III - Quando o direito à liquidação diga respeito a factos relativamente aos quais tenha sido instaurado processo-crime, em que já tenha sido deduzida acusação formal pelo MP e requerida a abertura da instrução e que se encontre suspenso nos termos do estatuído no artigo 47.º do RGIT, o prazo de caducidade de 4 anos é alargado até ao arquivamento ou trânsito em julgado da sentença, acrescido de um ano.
Nº Convencional:JSTA000P26343
Nº do Documento:SA2202009160760/16
Data de Entrada:11/02/2018
Recorrente:A............, LDA
Recorrido 1:AT-AUTORIDADE TRIBUTÁRIA E ADUANEIRA
Votação:UNANIMIDADE
Aditamento:
Texto Integral: Acordam na secção do Contencioso Tributário do Supremo Tribunal Administrativo:

I – Relatório

1- A……..., Lda., com os sinais dos autos, interpôs recurso da sentença proferida pelo Tribunal Administrativo e Fiscal de Sintra em 27 de Junho de 2018, que julgou improcedente a impugnação judicial das liquidações adicionais de IVA, referentes a 2009, no valor global de € 33.031,57, acrescidas de € 6.395,80, de juros compensatórios., apresentando, para tanto, alegações que concluiu do seguinte modo:
1. Nos termos dos artigos 103.º, n.º 3 e 104.º, n.º 2 da CRP a liquidação dos impostos deve seguir a lei e a tributação das empresas incide fundamentalmente sobre o seu rendimento real;

2. Nos termos do art.º 75.º da LGT, já atrás enunciado, presumem-se verdadeiras e de boa fé as declarações dos contribuintes, apresentadas nos termos previstos na lei, bem como os dados e apuramentos inscritos na sua contabilidade ou escrita, quando estas estiverem organizadas de acordo com a legislação comercial e fiscal.
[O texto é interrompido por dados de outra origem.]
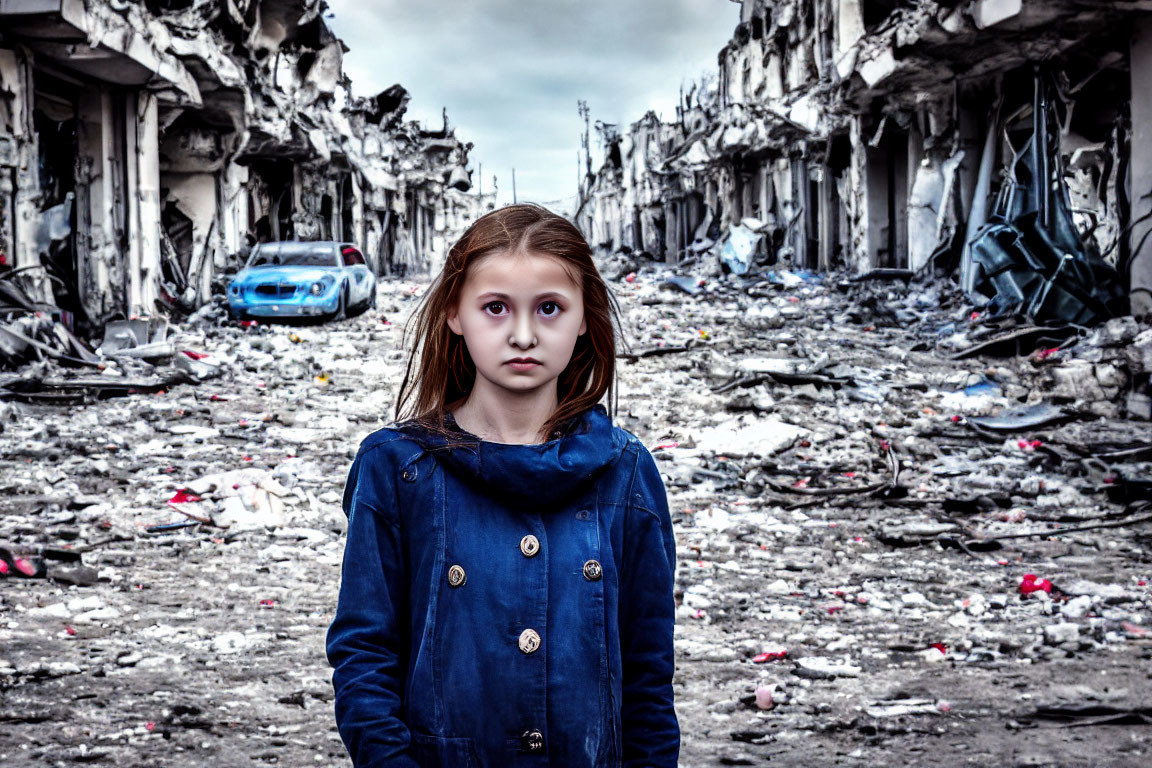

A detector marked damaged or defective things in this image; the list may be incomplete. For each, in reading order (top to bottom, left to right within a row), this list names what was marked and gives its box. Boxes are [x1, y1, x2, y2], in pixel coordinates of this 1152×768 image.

A presunção aqui referida poderá ser elidida nos termos do n.º 2 do mesmo artigo caso se verifiquem algumas das quatro situações aí referidas.

3. Nos termos da Inspecção realizada pela AT em 2013 e 2014, esta considerou a Contabilidade da Recorrente como não credível no período de 2009 a 2012 inclusive. Deste modo avançou para aplicação de métodos indirectos no ano de 2011 e de correcções aritméticas nos anos de 2009, 2010 e 2012.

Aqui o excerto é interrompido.